First Chapter Samples

Jenn here.

It has been suggested that I upload my first prologue and chapter as a sample for readers on my blog and website where I offer signed copies for purchase. I plan to do this either Sunday afternoon or Monday.

In the meantime, I wanted to get other people's experience. Do you ever read those sample chapters? Do they tempt you to buy the book or make you rethink about buying a book?

A couple of years ago there was the huge issue of not uploading anything as a sample, especially if it is unpublished. However, now that my book is published in print and on the Kindle, it seems fitting to upload a sample chapter. It may help sells.

Should unpublished writers wait until their manuscript is published or do you think it might help them sell to a publisher or gain an agent's eye?

What are your thoughts?


  1. Hi Jenn:

    There is a saying in marketing that ‘free samples’ are the best way to sell a good product or kill a bad product.

    Unfortunately, too many aspiring authors think their work is a whole lot better than it really is. Their free samples can only harm them.

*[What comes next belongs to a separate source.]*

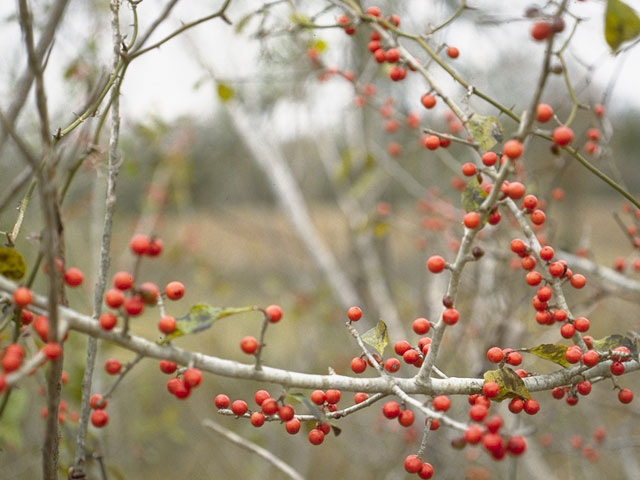 Ilex decidua (Possumhaw) #10003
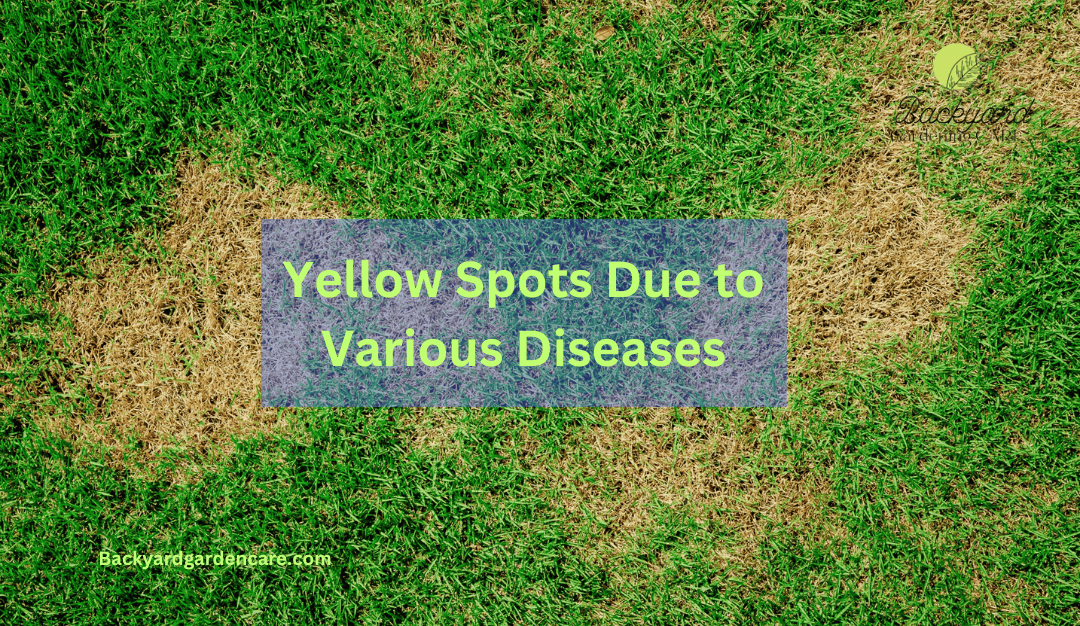 Yellow Spots in Grass Identifying and Treating 6 Sure Reasons A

    I suggest waiting until the book is published and professionally edited before providing samples. The exception is a highly polished contest winner. (And I mean a contest that had a great many entries).

    I have bought one book based on a sample chapter because the author did something extremely well and I wanted to see more of her technique. I have also been turned-off by some sample chapters.

    Summary: most unpublished authors should not post samples. Published authors should publish a few pages only! A full chapter is not needed to determine the quality of the writing. Personally, I think giving away a full chapter, unless it is very short, makes the author look a little desperate.

    Also, the longer the sample, the more likely a reader will give up on it and rule it out as a purchase. Remember: a reader of a sample did not buy it and has nothing but her time invested in it. A reader who bought the book will stay with it much longer giving the book a proper chance to 'click' with that reader. I think 800 words is plenty.



    P.S. Did you know that “P.S’s” have an 80% readership in direct mail pieces?

    P.P.S. I have a marketing question for you that no one seems to get. Don’t you think it would be a powerful marketing piece to take a picture of Cara Lynn James holding her book Love on a Dime in her hand in the exact same pose as the heroine is holding the dime novel on the cover art? This would be like one of those photos of a reflection between two mirrors that has a picture within a picture into infinity. If done right I think this would win an award and be a great poster at book signing and conventions. What do you think as a marketing person?

  2. Jenn, personally, I would never post a sample of something before it's published. I think there's too much risk involved. Plus, like Vince said, it might not actually be ready for public consumption. :)

    But I say YES to post a little teaser for readers once it's published. E-harlequin has started posting "Browse the book" so readers can get a taste of the book. (See the side bar where I have a link to mine.) And I just checked, and it's the whole first chapter that's posted. I imagine Harlequin marketing has a lot of knowledge of what works and what doesn't. Apparently, a first chapter is nice way to hook the reader (assuming you end the chapter on a great hook!) :)

    Harlequin also sends out first chapter booklets to entice readers to ask for a free copy of the whole book and to subscribe to the book club. I was blessed to be part of that with my June book last year. It seems to have had a great response. I heard from a lot of readers who loved that first chapter and joined to get the book. (I also heard from several who saved the booklet but had misplaced the rest of the paperwork and wanted to find out how to get the book and join the club!) :)

    So, all in all, I think a taste of a book is a great way to get a sale. It also shows how important that first chapter is! Our editors keep telling us that, too.

  3. I usually don't read sample chapters because for me it's like watching the beginning of a movie and not getting to see the entire thing. It bugs me when I can't immediately get to the end of the story, especially if I like what I've read. From the marketing standpoint for a published author, however, I can see the value in it. Not every one feels the way I do about sample chapters.

  4. I wonder if anyone has ever caught an editor or agent's eye through their own website? It would be interesting to do a poll on that.

    I really loved Vince's idea for Cara Lynn's photo to mirror her book cover! I would love to see her do that.

  5. Vince,

    I think your mirror image would be a very excellent marketing tool! You have some wonderful ideas. Keep them coming!

    Thanks for your input on the sample chapter. You have some excellent points about waiting until one is published.

  6. Missy, Thanks for the feedback. My publisher is offering the first chapter of Highland Blessings on their website as well as a free Kindle download on Amazon in the Kindle store. I'm going to add it to my website and blog for the very same reason since I'm selling signed copies directly from my website.

  7. Dianna, I can see your point, which is exactly what booksellers are trying to achieve--to aggravate you until you buy it!

    Eva Maria, I've heard of some agents and editors finding a manuscript they were interested in seeing, but I think it is like 1%. They have such huge slush piles, they don't typically go Internet surfing for more material to read.